Non è una novità che Milano sia la città più cara d’Italia dunque. Ci riassuma i motivi.
Nei grandi contesti metropolitani la vita costa sempre di più per il semplice motivo che si vengono a concentrare le attività lavorative di molte persone e questo rappresenta una forma di attrattiva. Quindi in tutti i grandi contesti metropolitani la vita costa di più: c’è maggior domanda e il prezzo dell’offerta cresce. E’ una banale dinamica di domanda e offerta.
Secondo lei si è mai tentato di ovviare a questa situazione?
Il piano regolatore di territorio della precedente giunta, adesso sotto revisione da parte della nuova amministrazione Pisapia, aveva un elemento che tendenzialmente almeno nei desideri andava a tentare di risolvere questa situazione.
Quale elemento?
L’ipotesi di aumentare le volumetrie in città, aumentare cioè il numero di appartamenti disponibili. Aumentando la domanda ciò avrebbe spinto a un contenimento della spesa. Questo adesso non si sa se accadrà, ma rimane un dato inesorabile. Il vero tema è come si risponde a questo, porsi prima o poi il problema di che cosa significa affrontare il costo della vita in diversi contesti.
Lei cosa suggerisce?
Di base, io credo che debba essere incentivata la contrattazione di secondo livello, in modo tale da uscire dalla logica del contratto unico nazionale, logica prevalente in molti settori produttivi ed economici del nostro Paese. Passare a una contrattazione diversificata fortemente localizzata per differenziare gli stipendi, per incentivare questa differenziazione. Un tempo c’erano le gabbie salariali, la Lega oggi propone le gabbie previdenziali per differenziare anche dal punto di vista della previdenza gli interventi. Non è facile, è un grande tema del welfare.
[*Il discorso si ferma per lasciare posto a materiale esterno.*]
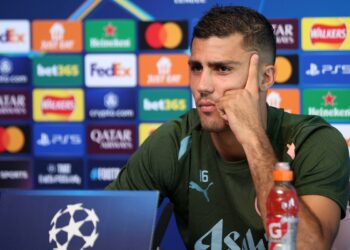‘Estamos cerca’ de una huelga de futbolistas, advierte el español Rodri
Le drammatiche difficoltà di tante famiglie milanesi: si può dire che mancando una politica a favore della famiglia a livello nazionale, manchi anche a livello locale milanese?
Ovvio: se una famiglia su sei ha bisogno dell’aiuto economico, se una famiglia su dieci a Milano vive in condizioni di povertà, vuol dire che manca una politica a sostegno della famiglia. E’ un dato di fatto che però nasce d da come è immaginato il sistema fiscale in Italia che non prevede nessun tipo di intervento se non molto blando di ridistribuzione a partire dai carichi familiari. Il fatto che le due nazioni dove ci sono forme di fiscalità a favore della famiglia e cioè Francia e Germania sono anche le due nazioni che stanno resistendo meglio alla crisi economica vorrà pur dire qualcosa anche se nessuno sembra accorgersene.
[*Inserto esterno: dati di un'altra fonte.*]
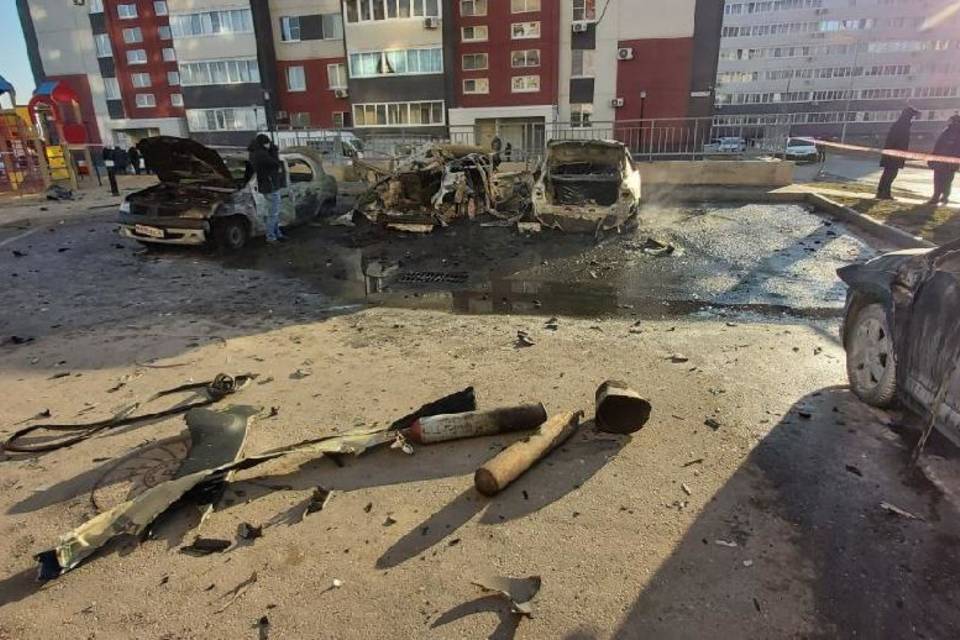 Взрыв газового баллона для сварочных работ мог стать причиной пожара в Волгограде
A intervenire dovrà essere lo Stato allora, non il Comune di Milano.
Certo, è un tema che un Comune o una Regione non possono affrontare: a risolverlo ci deve pensare lo Stato con una diversa distribuzione dei carichi fiscali. Da quanto annuncia il nuovo governo Monti purtroppo sembra che non sarà così. L’annuncio che ci sarà la reintroduzione dell’Ici sulla prima casa va contro a questa preoccupazione. Si continua a colpire nel mucchio invece di fare vera equità. Continuiamo a sperare in un cambio di passo: il governo ha annunciato un taglio della tassazione del lavoro, speriamo che si trasformi effettivamente in una busta paga più pesante, ma il vero tema resta quello della trasformazione del piano fiscale in direzione di sostegno della famiglia, l’unica cosa che può risolvere il problema.